::: SUPPLIED DATA :::

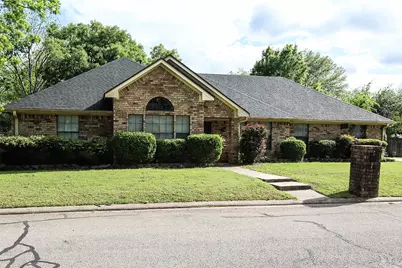 812 Mockingbird Street, Bonham, TX 75418 - Photo 1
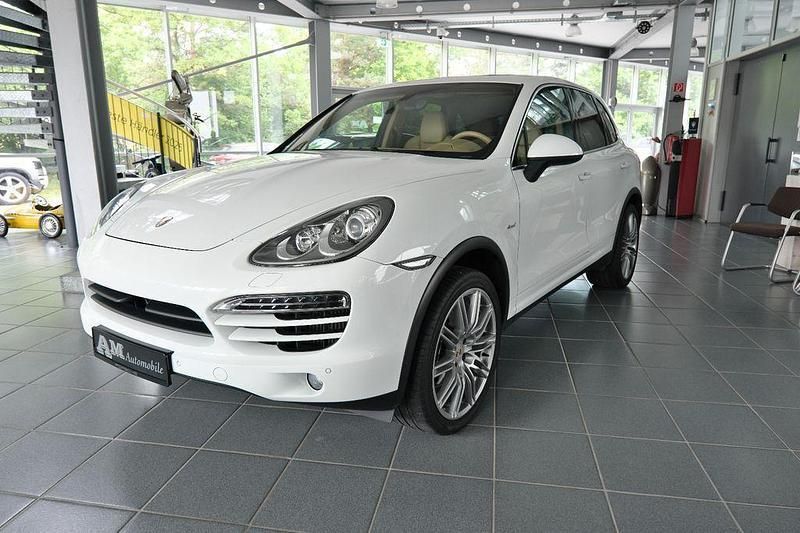 Weiß Gebraucht 2012 Porsche Cayenne SUV | 26.800 € (Fairer Preis) - Bild 1/4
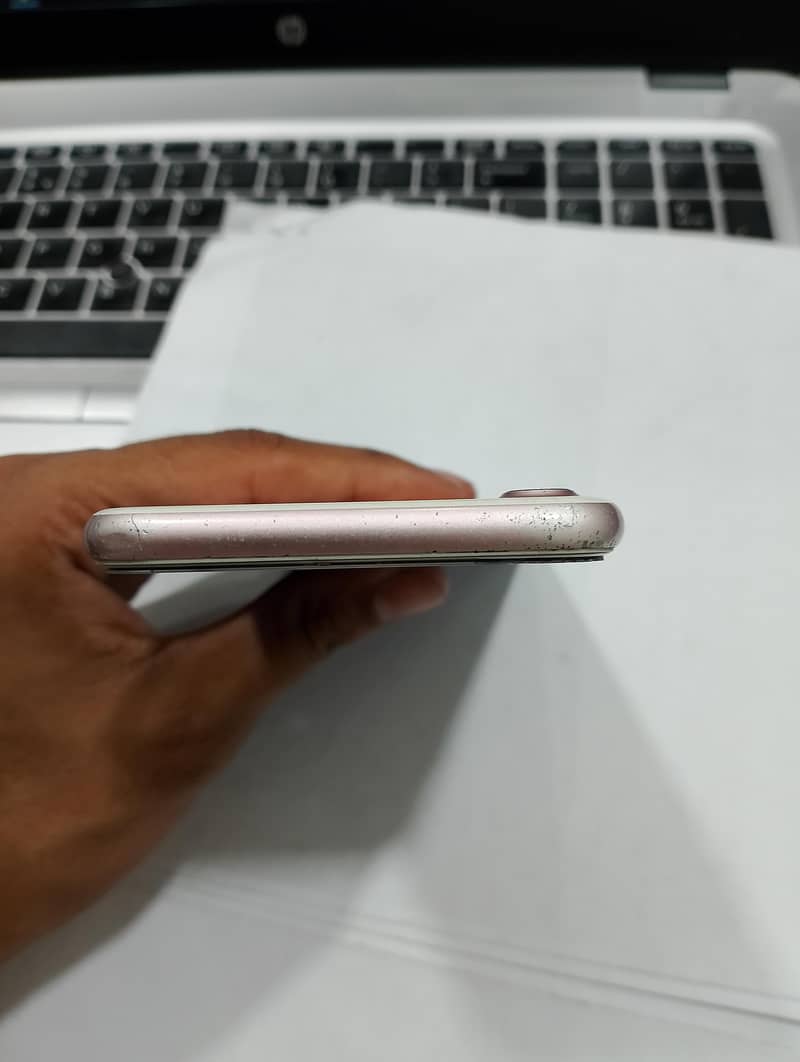 iPhone 7[Read Add] 4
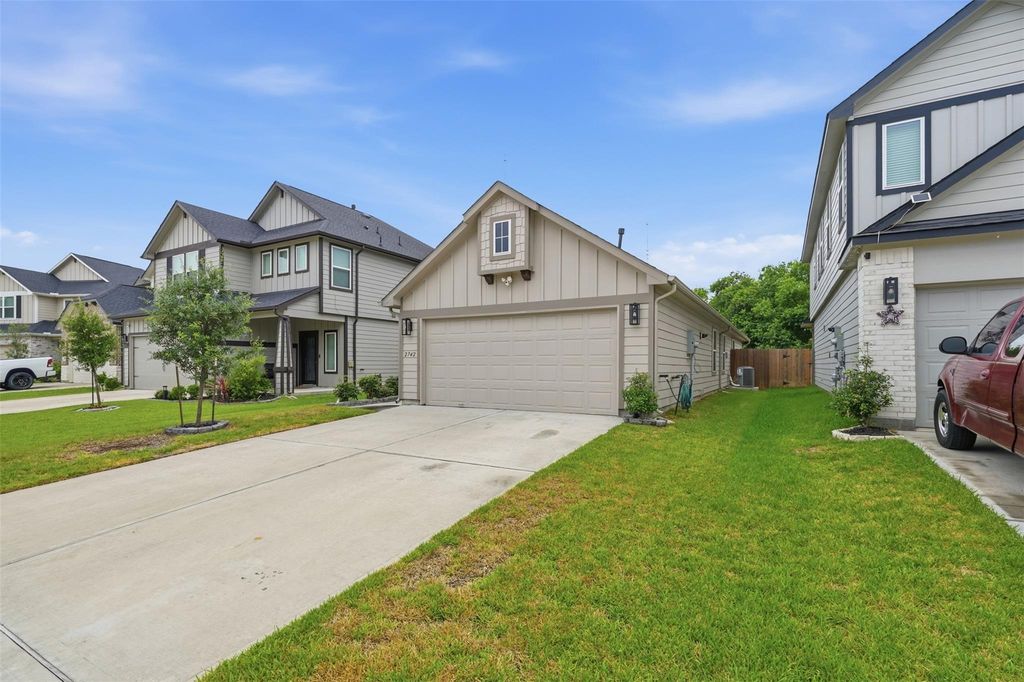 2742 Oakleaf Ash Lane, Fresno, TX 77545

:::

Please print exactly the lines from the one holding "iPhone 7[Read Add] 4" through the final line of the data above, including both, and skip all pictures.

 iPhone 7[Read Add] 4
 2742 Oakleaf Ash Lane, Fresno, TX 77545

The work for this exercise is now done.